Nació para no hacer nada, ni de chico, ni de joven, ni de adulto. Él mismo se preguntaba por qué había nacido sin permiso. Su madre lo trajo al mundo pensando que era un lugar maravilloso. Nunca jugó a nada, todo le parecía aburridísimo. Dormía tiempo completo, no le gustaba cuando venía su madre a besarle los cachetes, asco daba. Su padre sentía impotencia ante el modo de ser de Potencio, le daba odio haber elegido ese nombre para su hijo impotente.
Cuando Potencio hizo el secundario, las cosas
tomaron color. La chica que ocupaba el lugar de al lado, jamás le hablaba, pero
le copiaba todo. Jacinta tenía pelo color amapola ensortijada, ojos color cielo
tormentoso y la sonrisa prohibida. Potencio le hizo cosquillas en un recreo, lo
miró complacida, sonrió con los ojos, sin la boca. El día de la primavera,
Jacinta lo invitó a comer a orillas del río, dijo tener una sorpresa para él,
la condición fue que quedara entre ambos. Cuando terminaron de comer unos
deliciosos pescados de merluza con papas fritas. Él preguntó por el postre.

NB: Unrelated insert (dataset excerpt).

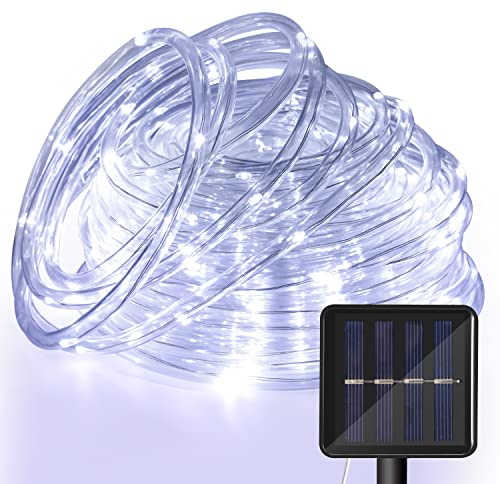 Jopassy Solar Lichterkette Aussen 20M 100LED, Lichtschlauch Außen Innen 8 Modi Lichtschlauch für Weihnachten, Party.Wasserdicht Außenlichterkette- weiß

Jacinta dijo que el postre era mostrar su sonrisa con dientes. Le puso un
pañuelo de seda en los ojos y procedió, tiró una punta del pañuelo. Aparecieron
sus dientes, los de arriba tenían colores primarios, los de abajo secundarios y
uno de oro con su nombre. El sol se reflejaba en el diente de oro, rodeado de
rojo, amarillo, azul y arriba, abajo verde naranja y violeta.
Él con suma delicadeza la atrajo desde la
cintura y le dio un beso con su lengua recorrió cada uno de sus dientes.
Después vino lo mejor, eso preferiría no contarlo, queda a gusto del lector,
desde ya está invitado al borde del río.